Scientists at the U.S. Department of Energy's Brookhaven National Laboratory have developed a tool to quantitatively measure elusive atmospheric chemicals that play a key role in forming photochemical smog. The device measures atmospheric hydroperoxyl radicals - short-lived, highly reactive intermediates involved in forming ozone, a component of photochemical smog - in the lowest layer of Earth's atmosphere. The levels of these radicals can indicate which chemical pathways predominate in converting hydrocarbons, nitrogen oxides, and water vapor into smog in the presence of sunlight.

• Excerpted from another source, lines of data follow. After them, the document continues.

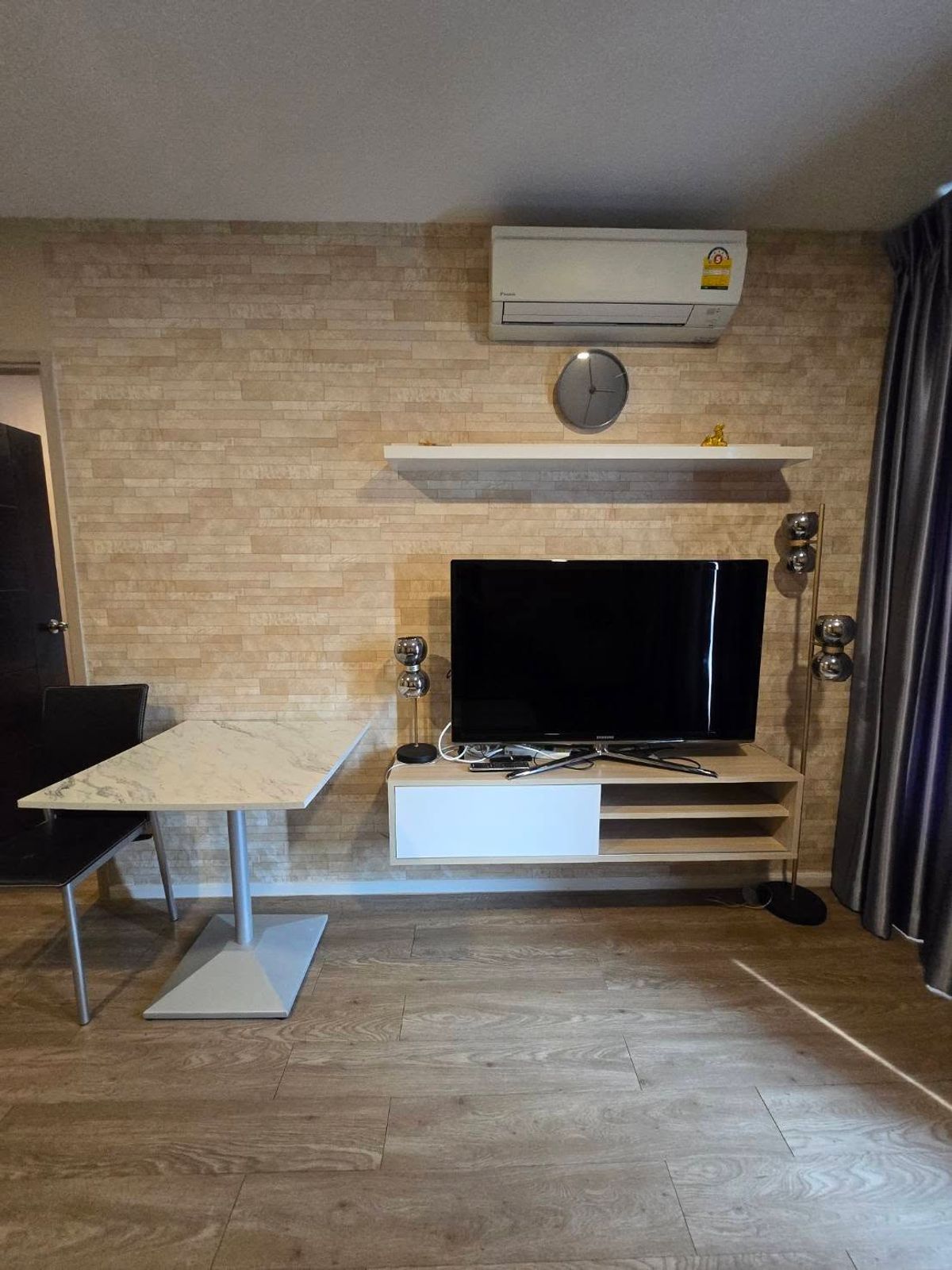 ขายคอนโดวิภาวดี ดอนเมือง หลักสี่ : ขายคอนโดห้องมุม Episode พหลโยธิน-สะพานใหม่ ใกล้รถไฟฟ้า ทำเลดีเดินทางสะดวกใกล้สนามบินดอนเมือง  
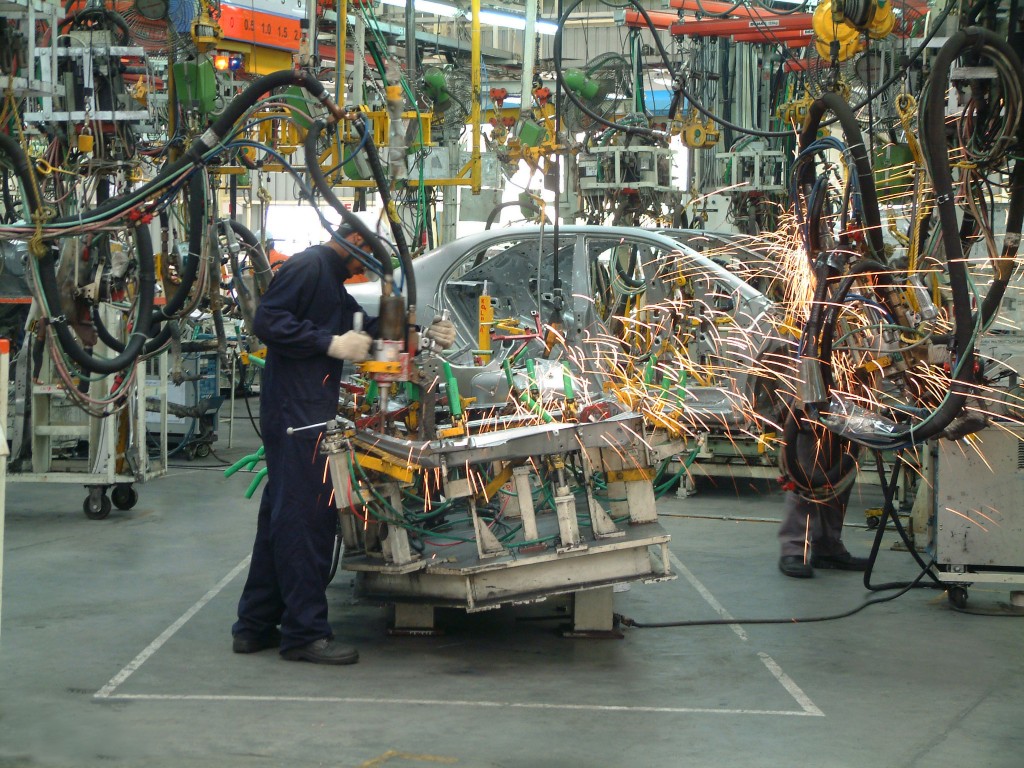 CAPC offers roadmap to competitiveness for Canadian automotive sector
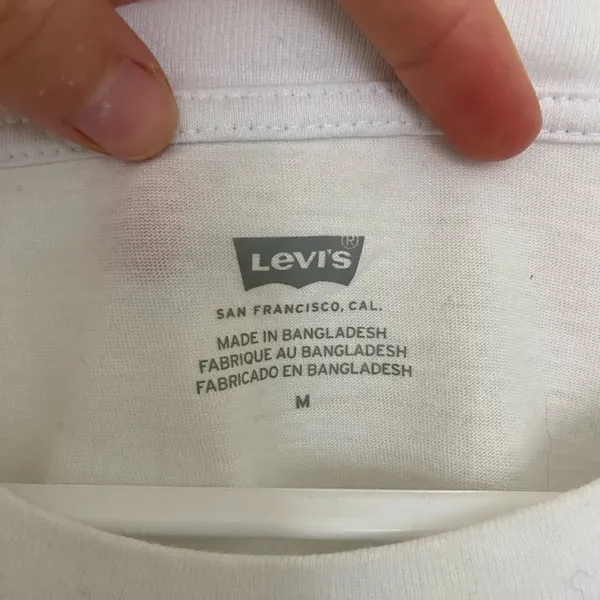 Levi’s women’s logo decal crop top — medium‎ - Image 2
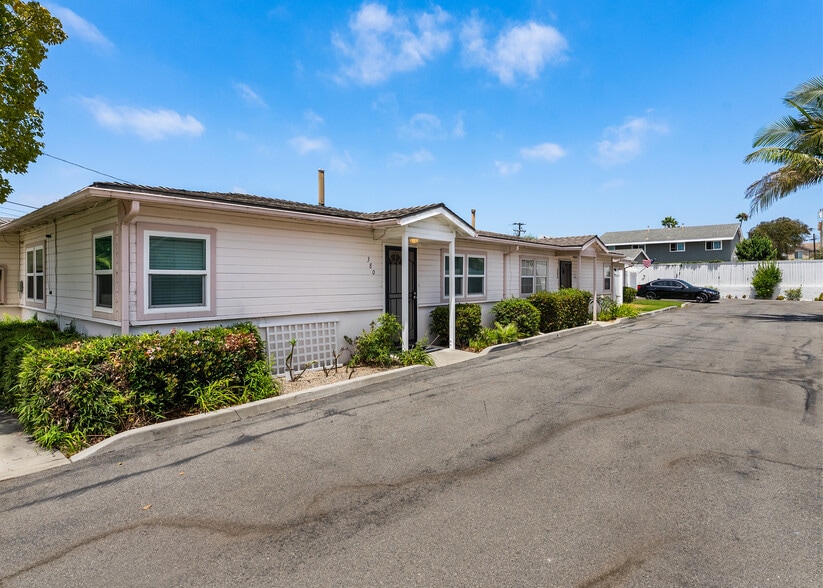 More Photos Of 384 E 16th St, Costa Mesa Apartments For Sale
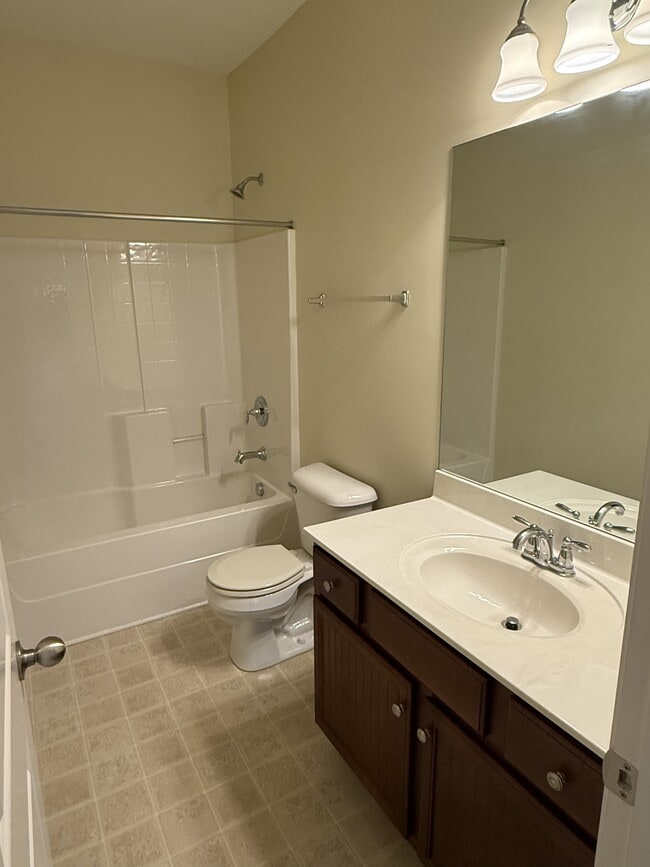 Building Photo - 1629 Robindale Dr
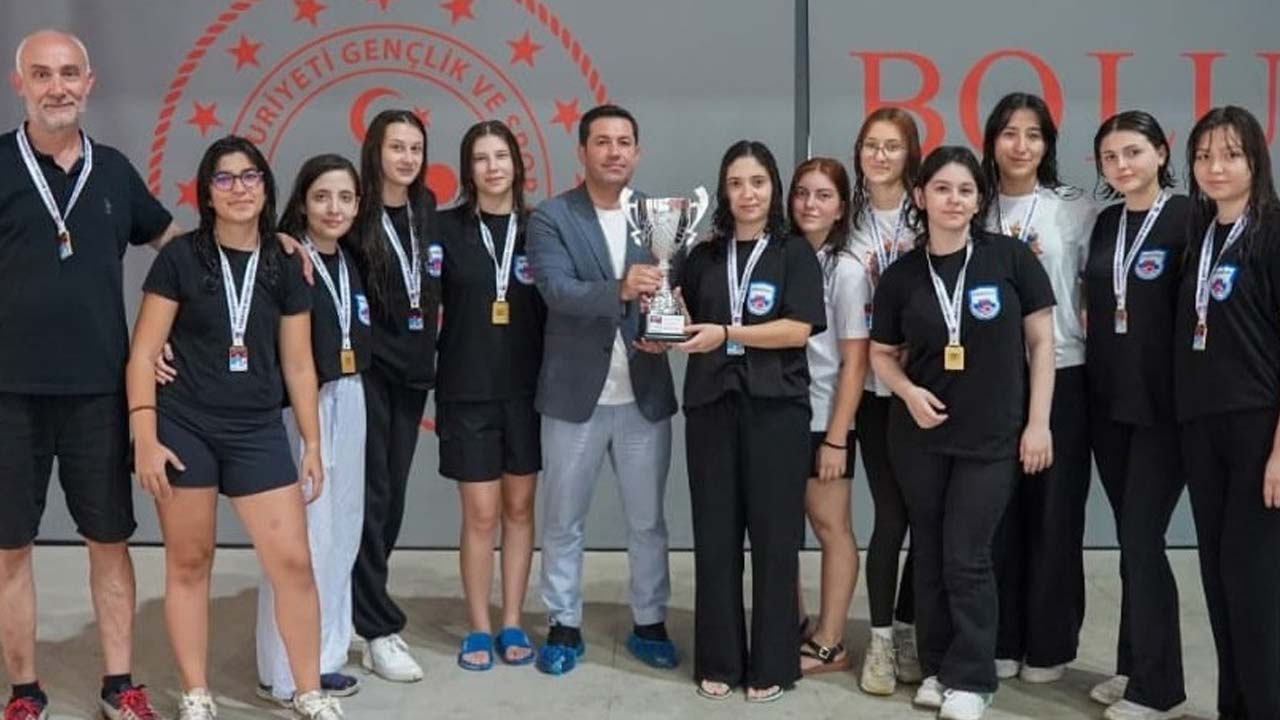 Bolu’da Kadınlar Sutopu 2. Lig Heyecanı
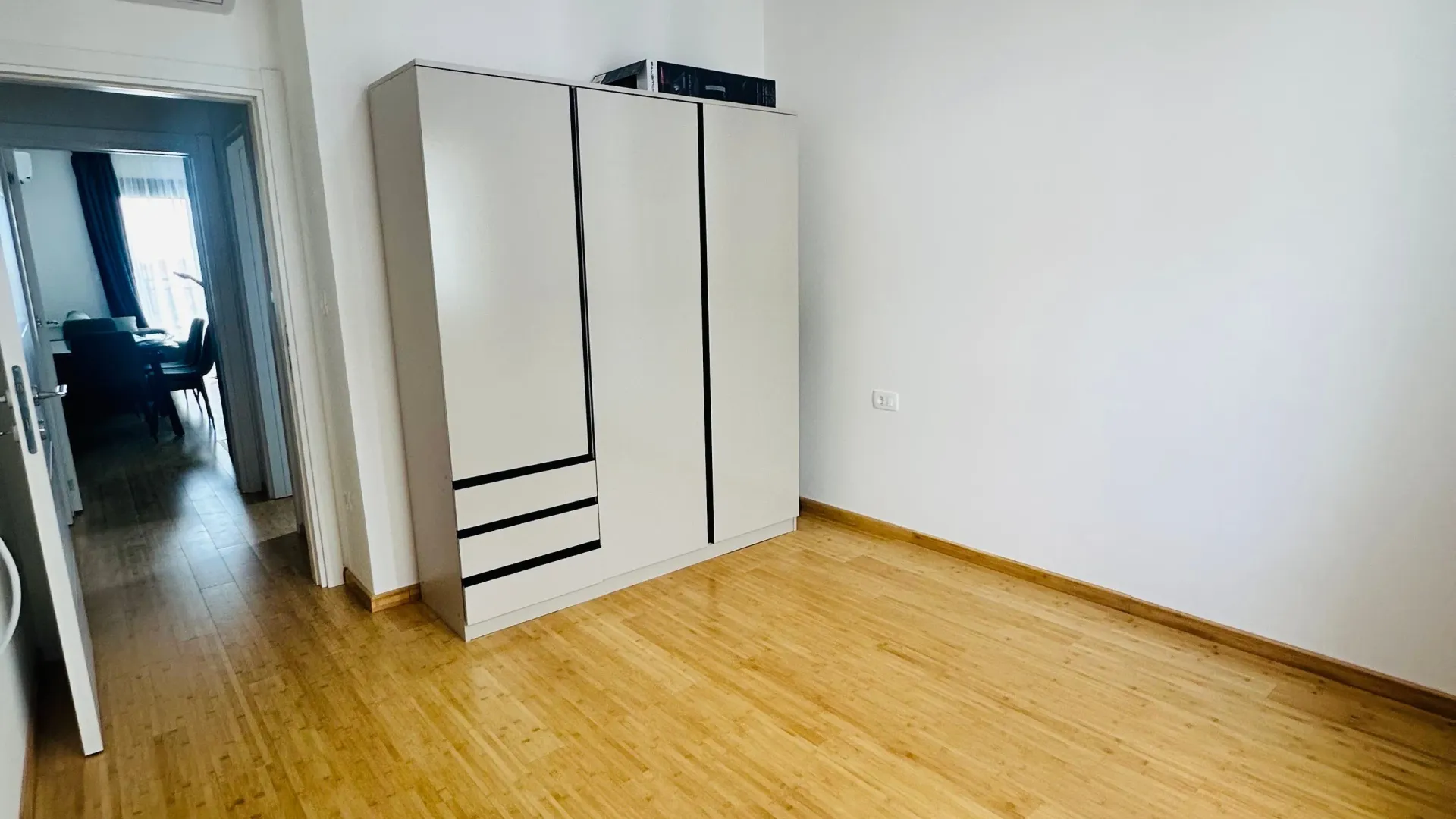 Izdavanje, dvosoban stan, 65m², Rozino, Budva
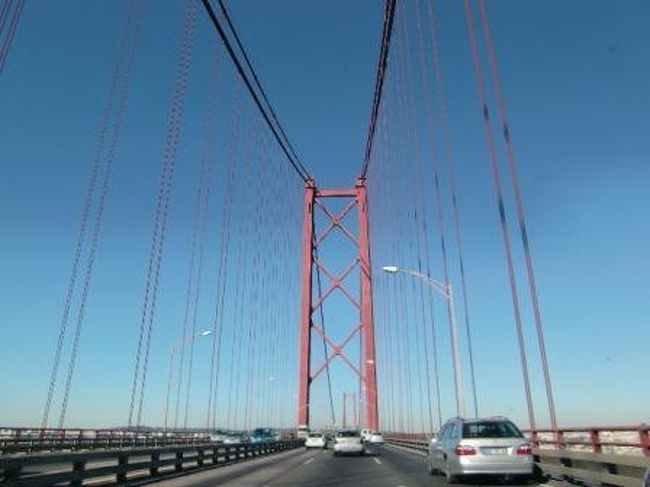 エヴォラを出てドライブ旅の最終目的地リスボンへ向かいます。<br />途中この旅初めての有料道路があり大慌て。<br />手持ちのユーロが尽きていたのでどうしようかと思いましたがクレジットカードでの支払いでなんとか凌ぐことができました。。<br />4月25日橋を渡ってポルトガル市内へ突入です。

Previous detectors for hydroperoxyl radicals have been cumbersome and costly. The new device is comparatively small, lightweight, and inexpensive, consumes low power, and gives a sensitive, fast response. It detects a "glowing" signal from a chemiluminescent compound - similar to the compound that makes fireflies glow - when it reacts with the hydroperoxyl radicals in atmospheric samples fed into the device during flight.
The device has been tested in a mountaintop setting, but has not yet been deployed on an aircraft for a sampling mission. It is designed to be flown on atmospheric sampling aircraft, such as the Department of Energy's Gulfstream 1, used by Brookhaven and other national laboratory scientists for various atmospheric studies.